CHICAGO (CN) - The SEC obtained a restraining order against a felon that it says is victimizing people again, this time in an $11 million Ponzi scheme. David Hernandez, who was sentenced to prison for wire fraud in 1998, sold bogus securities under the name of his defunct business, NextStep Financial Services, claiming, falsely, that he had a "payday lending relationship with Check 'N Go" stores, the SEC says.

According to the SEC complaint:

Hernandez sold "guaranteed investment contracts" and promised monthly returns of 10 percent to 16 percent; and he said the investments were insured. Since February 2008, Hernandez "raised more than $11.5 million from more than 100 investors in at least 12 states."

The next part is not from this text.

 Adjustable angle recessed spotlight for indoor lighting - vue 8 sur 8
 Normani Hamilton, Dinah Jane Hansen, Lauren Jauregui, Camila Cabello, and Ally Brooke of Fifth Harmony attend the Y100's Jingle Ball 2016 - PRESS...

Hernandez used the money to pay off his $300,000 mortgage, gave $90,000 to his wife, bought a new car, a piano and jewelry, and spent "more than "$23,000 for a holiday party at the Ritz Carlton ... [and] more than $10,000 for dinners at Nine Chicago."

He used some of the money to start up a Web-based talk radio show, "Chicago Sports Webio." Along the way, he paid off some investors with money from newer victims, the hallmark of a Ponzi scheme, the SEC said.

Hernandez, of Downers Grove, has been convicted of wire fraud related to a position he held at Columbia National Bank, and "was sentenced in October 1998 to 34 months in prison, though he did not reveal this to investors, the SEC says. He also falsely claimed to hold an MBA from the University of Wisconsin and a J.D. from DePaul University, and he neglected to tell investors that he had filed for bankruptcy three years in a row.

U.S. District Judge Samuel Der-Yeghiayan granted the SEC's request for a restraining order.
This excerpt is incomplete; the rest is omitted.